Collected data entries
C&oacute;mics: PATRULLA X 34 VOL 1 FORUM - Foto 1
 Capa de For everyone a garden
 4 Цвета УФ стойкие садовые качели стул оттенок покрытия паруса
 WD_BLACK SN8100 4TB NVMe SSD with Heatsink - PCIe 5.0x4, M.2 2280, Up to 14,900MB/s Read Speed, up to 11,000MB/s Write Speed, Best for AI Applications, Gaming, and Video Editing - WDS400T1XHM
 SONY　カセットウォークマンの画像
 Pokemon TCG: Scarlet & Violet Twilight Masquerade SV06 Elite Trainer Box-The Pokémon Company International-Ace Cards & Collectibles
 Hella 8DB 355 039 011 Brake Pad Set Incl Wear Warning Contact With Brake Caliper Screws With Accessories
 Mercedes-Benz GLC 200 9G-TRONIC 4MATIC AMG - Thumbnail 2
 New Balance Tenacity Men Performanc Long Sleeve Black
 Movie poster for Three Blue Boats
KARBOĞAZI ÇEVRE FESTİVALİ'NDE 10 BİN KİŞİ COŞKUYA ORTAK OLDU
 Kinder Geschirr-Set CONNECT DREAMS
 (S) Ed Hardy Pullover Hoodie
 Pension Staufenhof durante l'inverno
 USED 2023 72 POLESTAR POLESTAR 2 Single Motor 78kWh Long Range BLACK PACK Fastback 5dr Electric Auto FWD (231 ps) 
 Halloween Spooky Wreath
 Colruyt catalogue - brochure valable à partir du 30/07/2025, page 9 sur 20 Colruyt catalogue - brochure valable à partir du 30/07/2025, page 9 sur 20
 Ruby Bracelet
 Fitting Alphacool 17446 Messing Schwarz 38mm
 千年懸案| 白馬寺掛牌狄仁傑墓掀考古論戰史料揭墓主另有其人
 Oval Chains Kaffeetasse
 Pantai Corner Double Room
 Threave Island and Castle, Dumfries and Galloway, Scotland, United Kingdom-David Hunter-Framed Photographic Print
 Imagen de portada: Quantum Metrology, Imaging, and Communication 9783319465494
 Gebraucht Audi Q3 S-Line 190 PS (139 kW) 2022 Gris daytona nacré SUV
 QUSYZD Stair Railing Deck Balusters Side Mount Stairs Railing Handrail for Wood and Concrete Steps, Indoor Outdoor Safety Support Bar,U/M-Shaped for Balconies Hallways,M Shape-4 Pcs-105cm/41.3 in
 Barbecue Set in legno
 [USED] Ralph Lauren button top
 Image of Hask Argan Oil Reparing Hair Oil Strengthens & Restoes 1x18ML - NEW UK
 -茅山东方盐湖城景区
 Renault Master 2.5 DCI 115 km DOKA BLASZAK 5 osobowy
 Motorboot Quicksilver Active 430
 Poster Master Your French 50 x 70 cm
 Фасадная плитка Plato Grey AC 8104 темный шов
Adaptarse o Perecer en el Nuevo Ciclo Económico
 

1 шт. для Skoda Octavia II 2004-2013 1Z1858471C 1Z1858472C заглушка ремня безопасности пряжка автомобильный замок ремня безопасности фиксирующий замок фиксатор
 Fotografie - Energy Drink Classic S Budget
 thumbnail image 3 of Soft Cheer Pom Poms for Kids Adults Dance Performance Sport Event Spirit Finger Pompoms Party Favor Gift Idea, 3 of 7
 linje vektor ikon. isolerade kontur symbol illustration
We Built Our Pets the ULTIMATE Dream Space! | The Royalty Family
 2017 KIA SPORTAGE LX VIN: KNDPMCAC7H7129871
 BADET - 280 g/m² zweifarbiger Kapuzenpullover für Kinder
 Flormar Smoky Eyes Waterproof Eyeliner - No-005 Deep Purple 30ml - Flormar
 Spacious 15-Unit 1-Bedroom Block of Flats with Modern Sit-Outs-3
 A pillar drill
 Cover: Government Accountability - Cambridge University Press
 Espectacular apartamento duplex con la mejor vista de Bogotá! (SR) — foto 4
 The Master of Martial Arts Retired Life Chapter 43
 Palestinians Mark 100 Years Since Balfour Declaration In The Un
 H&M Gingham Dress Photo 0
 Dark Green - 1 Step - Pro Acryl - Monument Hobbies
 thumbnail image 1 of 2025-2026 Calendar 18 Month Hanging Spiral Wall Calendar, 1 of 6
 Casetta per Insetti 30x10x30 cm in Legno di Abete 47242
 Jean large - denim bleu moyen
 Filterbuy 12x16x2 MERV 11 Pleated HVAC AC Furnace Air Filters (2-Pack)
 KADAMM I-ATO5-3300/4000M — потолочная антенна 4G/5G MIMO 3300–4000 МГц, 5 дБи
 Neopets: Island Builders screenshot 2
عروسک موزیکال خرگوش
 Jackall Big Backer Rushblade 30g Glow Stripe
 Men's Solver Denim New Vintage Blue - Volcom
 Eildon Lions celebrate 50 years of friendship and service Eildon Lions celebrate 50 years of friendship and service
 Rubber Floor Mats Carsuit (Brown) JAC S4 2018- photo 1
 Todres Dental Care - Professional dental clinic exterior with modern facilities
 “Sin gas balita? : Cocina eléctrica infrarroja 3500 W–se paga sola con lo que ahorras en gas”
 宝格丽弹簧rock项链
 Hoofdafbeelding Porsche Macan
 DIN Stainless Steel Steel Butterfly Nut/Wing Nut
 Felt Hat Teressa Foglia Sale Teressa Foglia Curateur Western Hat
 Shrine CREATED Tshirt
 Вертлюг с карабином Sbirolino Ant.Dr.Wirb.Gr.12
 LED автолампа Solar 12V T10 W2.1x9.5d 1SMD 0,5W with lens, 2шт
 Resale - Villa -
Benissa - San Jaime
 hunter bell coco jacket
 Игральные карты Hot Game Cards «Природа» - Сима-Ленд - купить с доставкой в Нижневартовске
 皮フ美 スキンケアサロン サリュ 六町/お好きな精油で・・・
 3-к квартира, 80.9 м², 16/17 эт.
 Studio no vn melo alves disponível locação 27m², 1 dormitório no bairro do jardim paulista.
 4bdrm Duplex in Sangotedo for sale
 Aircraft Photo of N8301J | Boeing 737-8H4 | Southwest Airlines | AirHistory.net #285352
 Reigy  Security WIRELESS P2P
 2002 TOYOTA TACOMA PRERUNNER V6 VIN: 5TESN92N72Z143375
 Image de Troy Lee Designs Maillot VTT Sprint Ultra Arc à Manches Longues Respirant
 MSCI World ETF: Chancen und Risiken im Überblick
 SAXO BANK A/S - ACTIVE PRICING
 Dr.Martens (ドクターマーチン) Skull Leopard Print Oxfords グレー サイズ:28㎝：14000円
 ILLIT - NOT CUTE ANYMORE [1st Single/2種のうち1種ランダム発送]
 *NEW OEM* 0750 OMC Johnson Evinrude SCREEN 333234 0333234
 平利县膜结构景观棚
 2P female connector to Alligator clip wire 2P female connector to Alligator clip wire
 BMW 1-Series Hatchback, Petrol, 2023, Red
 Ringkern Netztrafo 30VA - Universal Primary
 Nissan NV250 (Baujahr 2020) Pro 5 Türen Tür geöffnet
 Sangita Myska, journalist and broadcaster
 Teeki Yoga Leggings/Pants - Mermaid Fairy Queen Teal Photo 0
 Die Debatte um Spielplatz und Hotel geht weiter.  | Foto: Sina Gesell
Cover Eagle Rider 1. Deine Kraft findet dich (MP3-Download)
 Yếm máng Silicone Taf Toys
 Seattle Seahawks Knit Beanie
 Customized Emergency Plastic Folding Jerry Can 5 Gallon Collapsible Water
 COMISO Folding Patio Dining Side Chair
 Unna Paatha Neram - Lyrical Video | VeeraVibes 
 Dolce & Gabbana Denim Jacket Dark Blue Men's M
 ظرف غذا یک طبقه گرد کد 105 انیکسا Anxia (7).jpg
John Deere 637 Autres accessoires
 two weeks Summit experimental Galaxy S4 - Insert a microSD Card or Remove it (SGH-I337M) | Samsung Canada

* **WHAT IS EXPECTED**
Taking the records above, retype every line from the one with "New Balance Tenacity" down to the one with "1 шт. для Skoda", exactly and with nothing else.

* **RESULT**
 New Balance Tenacity Men Performanc Long Sleeve Black
 Movie poster for Three Blue Boats
KARBOĞAZI ÇEVRE FESTİVALİ'NDE 10 BİN KİŞİ COŞKUYA ORTAK OLDU
 Kinder Geschirr-Set CONNECT DREAMS
 (S) Ed Hardy Pullover Hoodie
 Pension Staufenhof durante l'inverno
 USED 2023 72 POLESTAR POLESTAR 2 Single Motor 78kWh Long Range BLACK PACK Fastback 5dr Electric Auto FWD (231 ps) 
 Halloween Spooky Wreath
 Colruyt catalogue - brochure valable à partir du 30/07/2025, page 9 sur 20 Colruyt catalogue - brochure valable à partir du 30/07/2025, page 9 sur 20
 Ruby Bracelet
 Fitting Alphacool 17446 Messing Schwarz 38mm
 千年懸案| 白馬寺掛牌狄仁傑墓掀考古論戰史料揭墓主另有其人
 Oval Chains Kaffeetasse
 Pantai Corner Double Room
 Threave Island and Castle, Dumfries and Galloway, Scotland, United Kingdom-David Hunter-Framed Photographic Print
 Imagen de portada: Quantum Metrology, Imaging, and Communication 9783319465494
 Gebraucht Audi Q3 S-Line 190 PS (139 kW) 2022 Gris daytona nacré SUV
 QUSYZD Stair Railing Deck Balusters Side Mount Stairs Railing Handrail for Wood and Concrete Steps, Indoor Outdoor Safety Support Bar,U/M-Shaped for Balconies Hallways,M Shape-4 Pcs-105cm/41.3 in
 Barbecue Set in legno
 [USED] Ralph Lauren button top
 Image of Hask Argan Oil Reparing Hair Oil Strengthens & Restoes 1x18ML - NEW UK
 -茅山东方盐湖城景区
 Renault Master 2.5 DCI 115 km DOKA BLASZAK 5 osobowy
 Motorboot Quicksilver Active 430
 Poster Master Your French 50 x 70 cm
 Фасадная плитка Plato Grey AC 8104 темный шов
Adaptarse o Perecer en el Nuevo Ciclo Económico
 

1 шт. для Skoda Octavia II 2004-2013 1Z1858471C 1Z1858472C заглушка ремня безопасности пряжка автомобильный замок ремня безопасности фиксирующий замок фиксатор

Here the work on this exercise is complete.